====== Task input ======

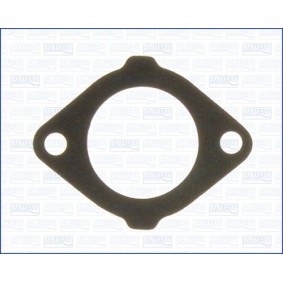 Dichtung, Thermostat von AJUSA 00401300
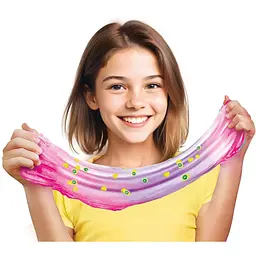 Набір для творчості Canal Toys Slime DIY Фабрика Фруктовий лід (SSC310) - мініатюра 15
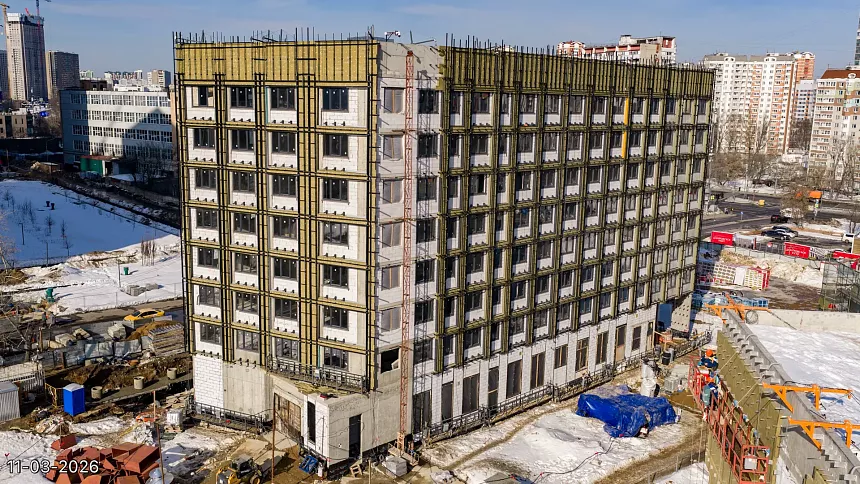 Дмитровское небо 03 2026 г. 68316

======
====== Task input ======

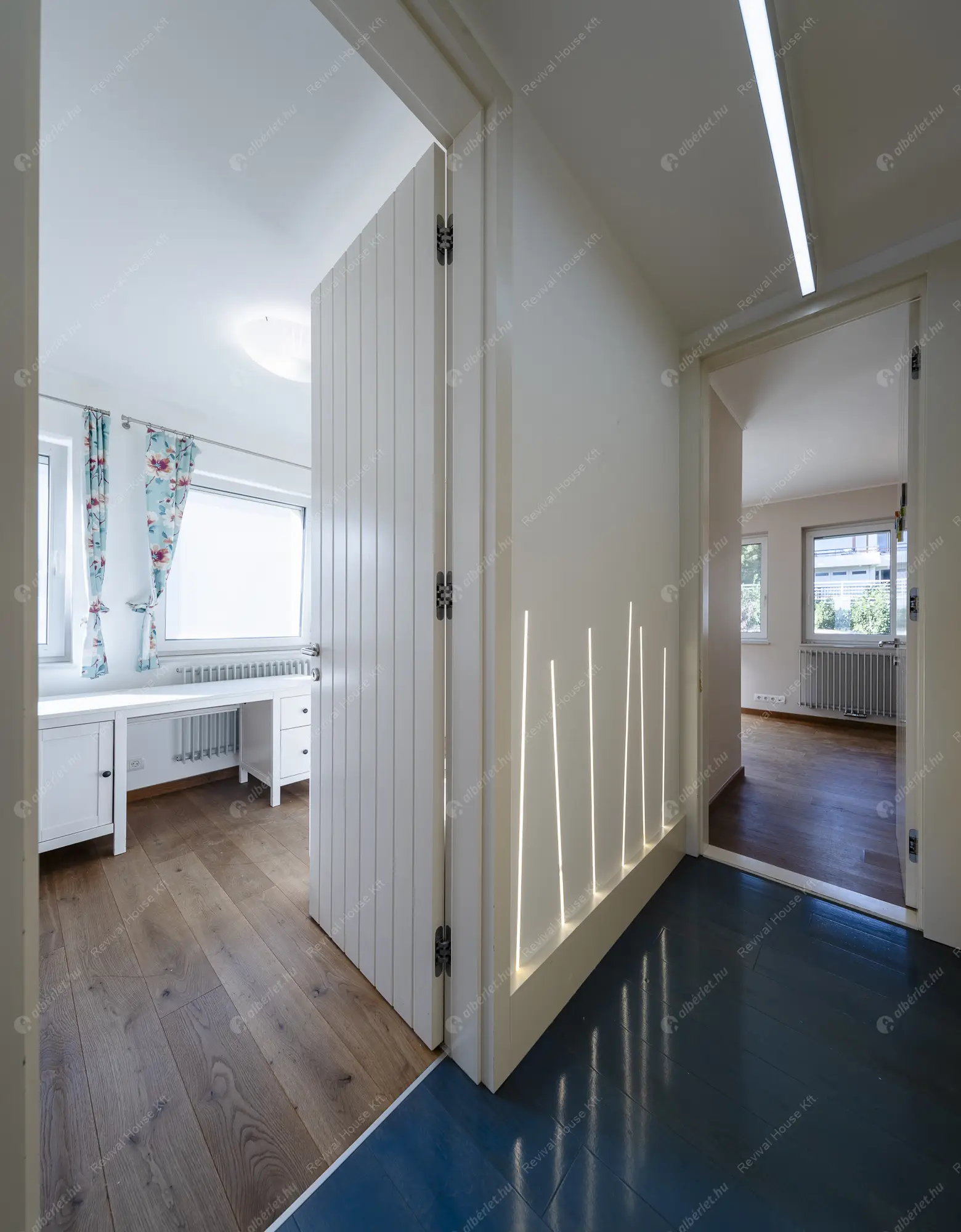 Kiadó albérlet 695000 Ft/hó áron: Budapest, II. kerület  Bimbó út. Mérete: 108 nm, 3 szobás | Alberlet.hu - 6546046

======

[Task to carry out]
Working from the entries above, please transcribe only the lines from the line with "Набір для творчості" through the line with "Дмитровское небо 03 2026 г. 68316", exactly, with both end lines and without pictures.

[Output for this task]
 Набір для творчості Canal Toys Slime DIY Фабрика Фруктовий лід (SSC310) - мініатюра 15
 Дмитровское небо 03 2026 г. 68316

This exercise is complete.